The fridge is empty. What else?
- Olive oil. The cold makes the oil produce some sediment which makes the oil cloudy. Keep it at room temperature, this way it will remain as it was before, but make sure the place you keep it is dark.
- Eggs. There are no special rules about eggs: they can be stored both inside the fridge and outside, and so can butter — in a dark cool place. The point is to make sure the temperature is stable and consistent. If you decide to put eggs in the fridge, don’t keep them on the side shelf but put them deeper in the fridge to protect them from temperature fluctuations.
- Butter. A high concentration of fat won’t let it go bad very fast. It is perfectly safe to store it in a closed dish in a cool place for a day or 2 — it will be easier to put it on bread that way.
- Salami. Again, this is your choice: you can put it in the fridge or not. Just make sure you wrap it tightly in parchment and put it in a cool place. It can be kept for a month. Of course, if the manufacturer’s package wasn’t already open.
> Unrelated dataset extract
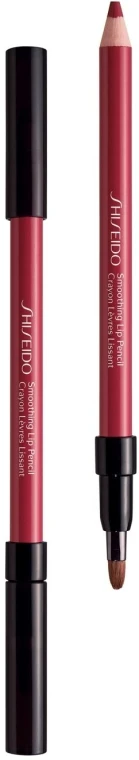 Shiseido Smoothing Lip Pencil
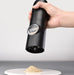 USB-C Rechargeable Electric Grinder with Ceramic Burr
- Watermelons and melons. Before you cut them, there is no need to put them in a cold place. Watermelons kept at room temperature contain way more antioxidants and other nutrients compared to those kept in the fridge.
- Coffee. Moisture is the worst enemy of coffee beans. If you place a jar in the cold refrigerator, condensation will appear, and when this happens the entire cell structure changes, which leads to losing the oil (the oil is responsible for that wonderful coffee smell) and all the coffee magic disappears. Every day that you take the jar out and put it back in, you harm it even more: temperature fluctuations make coffee lose its taste. Coffee should be stored in a sealed container, in a dark place, at room temperature.
The temperature inside the fridge is not equal everywhere. For example, the hottest area in the fridge is the shelves on the door. Some foods are best stored at very specific temperatures, so maybe you should take a look at the recommendations on storing foods in different areas.
Is your fridge also packed with foods that can be kept outside of it? Or do you have your own storage tips?